(Records from a dataset)
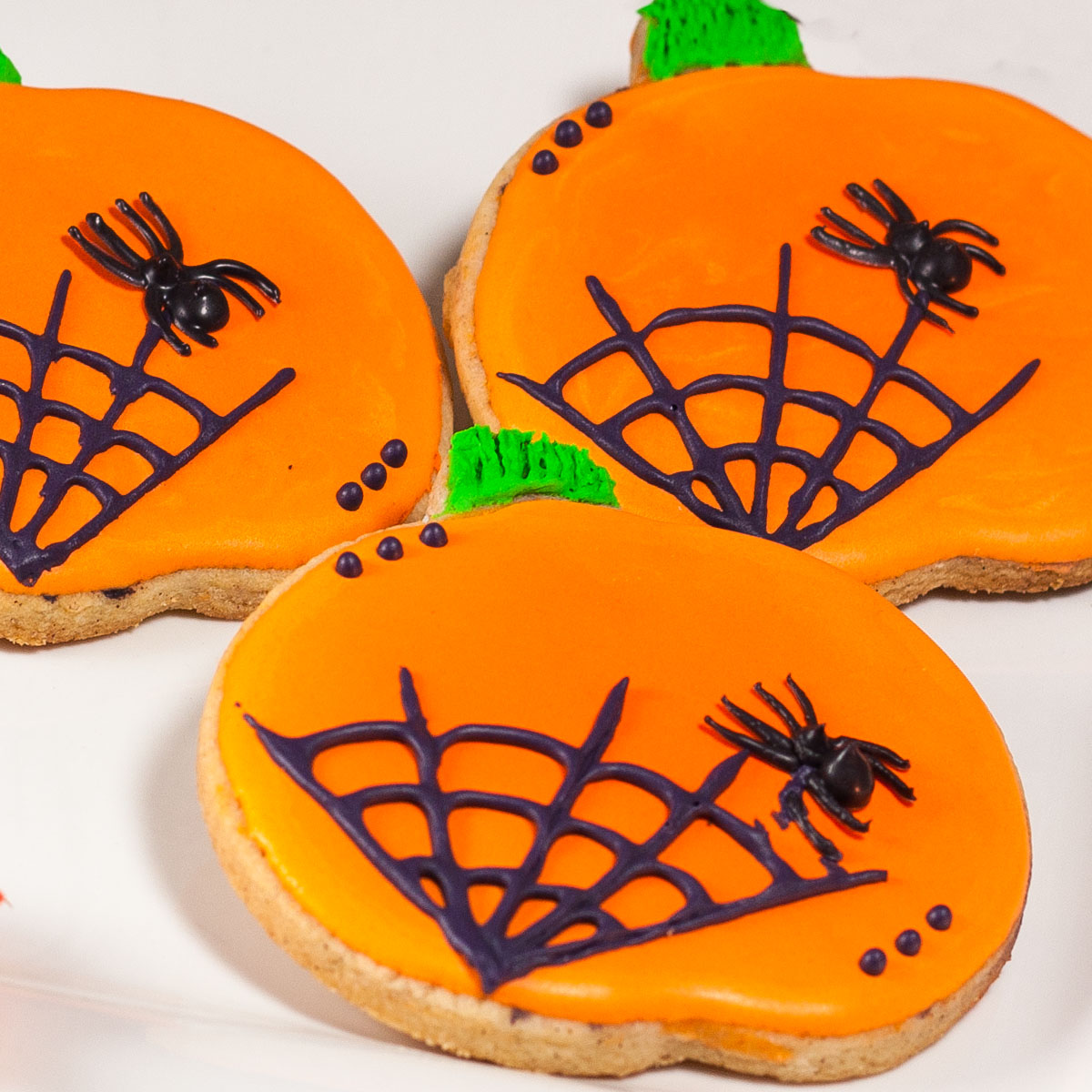 Pumpkin-shaped cookies decorated with bright orange icing, black spiderweb designs, and small black spiders for a festive Halloween treat.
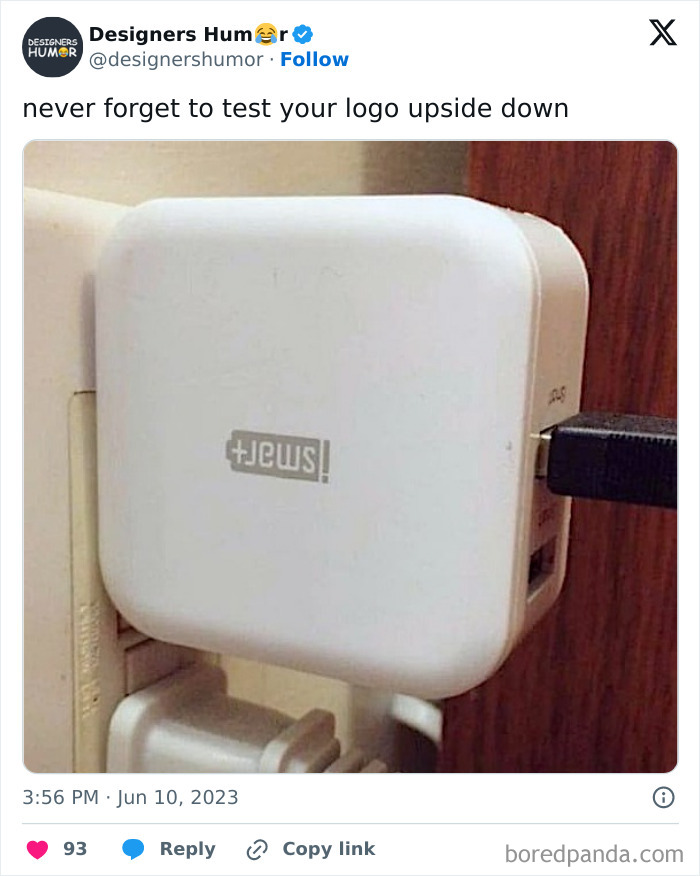 Upside-down logo on a wall charger highlighting a funny design fail.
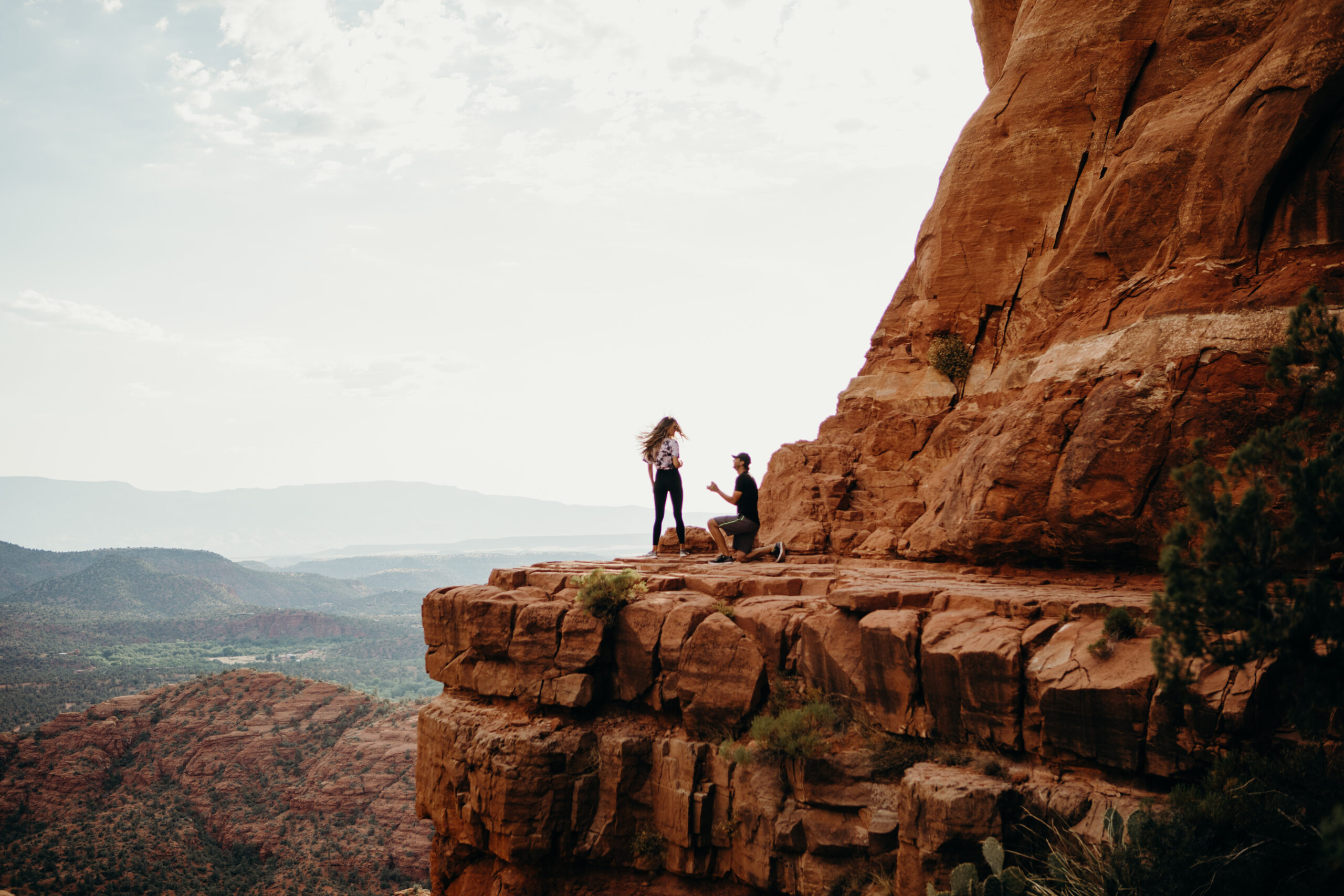 man is on one knee proposing to a woman on the ledge of cathedral rock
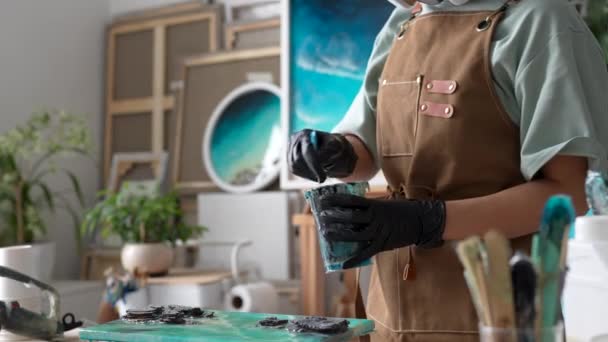 Resin art. Closeup of woman artist kneads mixing art epoxy resin in plastic cup working in art studio workshop. Female wearing protective gloves prepares resin by kneading it to desired consistency. - Footage, Video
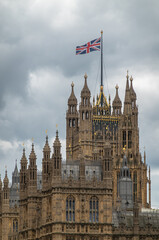 Fototapeta na wymiar London, England, UK - July 6, 2022: From Thames River. Victoria Tower with flag on top and golden trims over Westminster palace and hall under gray cloudscape.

### What is needed
Print out the records in full and exactly, dropping every picture.

### Written answer
 Pumpkin-shaped cookies decorated with bright orange icing, black spiderweb designs, and small black spiders for a festive Halloween treat.
 Upside-down logo on a wall charger highlighting a funny design fail.
 man is on one knee proposing to a woman on the ledge of cathedral rock
 Resin art. Closeup of woman artist kneads mixing art epoxy resin in plastic cup working in art studio workshop. Female wearing protective gloves prepares resin by kneading it to desired consistency. - Footage, Video
 Fototapeta na wymiar London, England, UK - July 6, 2022: From Thames River. Victoria Tower with flag on top and golden trims over Westminster palace and hall under gray cloudscape.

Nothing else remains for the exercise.